The R_HOME environment variable must be set before calling vartools (find the correct value with R RHOME; adding export R_HOME=$(R RHOME) to your .bashrc is recommended). Under -parallel, a separate R sub-process is launched per thread; initialization runs independently for each thread, and globals are not shared between threads.
CLI equivalent: -R.
Parameters
| Parameter | Type | Description |
|---|---|---|
command |
str |
Inline R code (default), or path to an R script file when fromfile=True. |
fromfile |
bool |
If True, treat command as a file path rather than an inline string. |
init |
str or None |
R code (or file path when init_fromfile=True) executed once before processing. Typical use: library imports and function definitions. |
init_fromfile |
bool |
If True, init is a file path. |
vars |
str or None |
Comma-separated list of variables passed both into and received back from R. |
invars |
str or None |
Variables passed into R only (alternative to vars). |
outvars |
str or None |
Variables received back from R only (alternative to vars). |
outputcolumns |
str or None |
Subset of out-vars to emit in the output statistics table as R_<name>_N. |
process_all_lcs |
bool |
Pass all light curves at once. Vector inputs arrive as lists of vectors; scalar inputs as lists. The output variables must also be lists with one entry per LC. |
verbose |
bool |
Allow R to print to stdout (default: R runs in --slave mode). |
continueprocess |
int or None |
Reuse the sub-process from the N-th prior -R (1-indexed). Shares R state; no initialization code may be supplied. |
Output
This command produces no output statistics by default; user-defined outputcolumns appear as R_<name>_N in result.vars.
Examples
Example 1. Compute the standard deviation of the magnitudes for each light curve in EXAMPLES/lc_list using R; the result appears as R_b_0 in the output table.
batch = (vt.Pipeline()
.R("b <- sd(mag)",
invars="mag", outvars="b", outputcolumns="b")
).run_filelist("EXAMPLES/lc_list",
perpoint_columns={"t": 1, "mag": 2, "err": 3})
print(batch.vars[["Name", "R_b_0"]])
Example 2. Same as Example 1 but using process_all_lcs=True to send the whole batch to R at once.
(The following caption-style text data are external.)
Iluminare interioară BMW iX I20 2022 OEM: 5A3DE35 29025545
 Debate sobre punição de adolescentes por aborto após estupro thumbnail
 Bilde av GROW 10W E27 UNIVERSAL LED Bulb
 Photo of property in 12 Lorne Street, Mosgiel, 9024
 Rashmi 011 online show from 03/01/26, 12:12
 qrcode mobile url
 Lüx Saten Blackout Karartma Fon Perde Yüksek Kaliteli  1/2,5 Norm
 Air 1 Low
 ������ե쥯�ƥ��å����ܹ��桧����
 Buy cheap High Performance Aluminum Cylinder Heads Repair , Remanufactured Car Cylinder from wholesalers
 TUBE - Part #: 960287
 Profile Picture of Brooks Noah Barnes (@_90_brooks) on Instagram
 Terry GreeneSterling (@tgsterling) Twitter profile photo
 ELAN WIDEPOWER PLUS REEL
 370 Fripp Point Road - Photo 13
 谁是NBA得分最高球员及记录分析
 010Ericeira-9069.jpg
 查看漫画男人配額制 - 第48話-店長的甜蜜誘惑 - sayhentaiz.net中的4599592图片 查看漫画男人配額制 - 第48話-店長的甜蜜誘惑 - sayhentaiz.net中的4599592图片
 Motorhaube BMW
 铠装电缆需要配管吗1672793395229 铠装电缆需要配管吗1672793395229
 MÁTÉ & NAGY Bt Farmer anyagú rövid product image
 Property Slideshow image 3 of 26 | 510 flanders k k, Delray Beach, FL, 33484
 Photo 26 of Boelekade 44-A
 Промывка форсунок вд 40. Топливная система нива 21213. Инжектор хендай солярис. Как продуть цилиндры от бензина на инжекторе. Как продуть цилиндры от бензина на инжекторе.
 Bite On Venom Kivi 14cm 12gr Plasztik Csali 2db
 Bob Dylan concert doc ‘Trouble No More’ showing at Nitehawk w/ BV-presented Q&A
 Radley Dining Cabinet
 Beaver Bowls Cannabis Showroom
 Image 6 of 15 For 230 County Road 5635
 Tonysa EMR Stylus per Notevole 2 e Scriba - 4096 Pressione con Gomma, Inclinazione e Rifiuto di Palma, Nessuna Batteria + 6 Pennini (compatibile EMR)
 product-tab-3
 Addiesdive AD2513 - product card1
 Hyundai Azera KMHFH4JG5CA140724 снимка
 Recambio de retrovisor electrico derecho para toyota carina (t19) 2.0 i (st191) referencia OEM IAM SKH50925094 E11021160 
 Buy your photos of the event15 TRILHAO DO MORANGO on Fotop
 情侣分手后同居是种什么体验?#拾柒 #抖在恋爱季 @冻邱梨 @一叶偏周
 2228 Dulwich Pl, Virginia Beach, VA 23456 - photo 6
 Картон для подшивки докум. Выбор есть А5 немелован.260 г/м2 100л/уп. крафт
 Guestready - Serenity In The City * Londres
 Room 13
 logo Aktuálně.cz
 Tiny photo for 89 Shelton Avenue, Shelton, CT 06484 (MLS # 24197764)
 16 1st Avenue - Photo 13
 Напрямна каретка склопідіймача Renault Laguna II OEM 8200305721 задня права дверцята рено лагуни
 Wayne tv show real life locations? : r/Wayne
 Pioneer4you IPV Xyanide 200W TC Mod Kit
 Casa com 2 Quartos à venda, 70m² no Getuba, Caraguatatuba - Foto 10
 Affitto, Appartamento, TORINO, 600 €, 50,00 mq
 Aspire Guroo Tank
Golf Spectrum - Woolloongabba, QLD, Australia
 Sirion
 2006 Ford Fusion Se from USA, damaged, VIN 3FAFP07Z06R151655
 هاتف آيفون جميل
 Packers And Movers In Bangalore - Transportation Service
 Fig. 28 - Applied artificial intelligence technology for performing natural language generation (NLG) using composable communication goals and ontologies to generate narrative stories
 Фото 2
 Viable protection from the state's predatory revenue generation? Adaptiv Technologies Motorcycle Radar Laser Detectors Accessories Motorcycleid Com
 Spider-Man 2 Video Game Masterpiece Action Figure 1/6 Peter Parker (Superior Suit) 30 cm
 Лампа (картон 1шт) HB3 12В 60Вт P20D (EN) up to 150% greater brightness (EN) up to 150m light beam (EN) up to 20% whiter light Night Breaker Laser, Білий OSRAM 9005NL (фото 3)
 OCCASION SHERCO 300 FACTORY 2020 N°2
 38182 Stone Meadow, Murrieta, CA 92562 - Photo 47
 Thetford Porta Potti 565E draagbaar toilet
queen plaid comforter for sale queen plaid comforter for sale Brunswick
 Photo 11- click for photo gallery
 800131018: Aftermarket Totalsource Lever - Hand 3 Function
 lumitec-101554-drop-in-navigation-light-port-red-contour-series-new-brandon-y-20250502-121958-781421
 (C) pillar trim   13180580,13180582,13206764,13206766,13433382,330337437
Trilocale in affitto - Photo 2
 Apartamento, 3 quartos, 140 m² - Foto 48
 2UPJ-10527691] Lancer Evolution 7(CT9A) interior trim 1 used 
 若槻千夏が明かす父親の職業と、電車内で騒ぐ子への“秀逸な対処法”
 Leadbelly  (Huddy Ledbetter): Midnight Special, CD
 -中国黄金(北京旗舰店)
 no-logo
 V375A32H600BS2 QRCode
Inside R, mag arrives as a list of vectors and the output b must also be a list (one entry per LC).
batch = (vt.Pipeline()
.R("b <- list(); for(i in 1:length(mag)) "
"{ b[[i]] <- sd(mag[[i]]); }",
invars="mag", outvars="b", outputcolumns="b",
process_all_lcs=True)
).run_filelist("EXAMPLES/lc_list",
perpoint_columns={"t": 1, "mag": 2, "err": 3})
Example 3. ARIMA modelling using R's forecast package. After saving the original mag, we bin and resample the LC onto a uniform grid (ARIMA needs evenly-sampled data), call auto.arima, and subtract the residuals to obtain the smoothed model mag_arima. The model is then resampled back to the original time grid (using the list-form resample) and the original mag is restored. Requires tseries and forecast to be installed in R.
batch = (vt.Pipeline()
.savelc()
.binlc(method="average", binsize=0.05, time_output="taverage")
.resample(method="linear", delt=0.05)
.R(("mag_ts <- ts(mag, start=1, end=length(t), frequency=1); "
"arima_model <- auto.arima(mag_ts); "
"mag_arima <- mag - as.vector(arima_model$residuals);"),
init="library(tseries); library(forecast);",
invars="mag,t", outvars="mag_arima")
.resample(method="linear",
file_times="list", list_column=1, t_column=1)
.restorelc(1, vars="mag")
.o(outdir="EXAMPLES/OUTDIR1",
nameformat="%s.arimamodel",
columnformat="t,mag,mag_arima")
).run_filelist("EXAMPLES/lc_list",
perpoint_columns={"t": 1, "mag": 2, "err": 3})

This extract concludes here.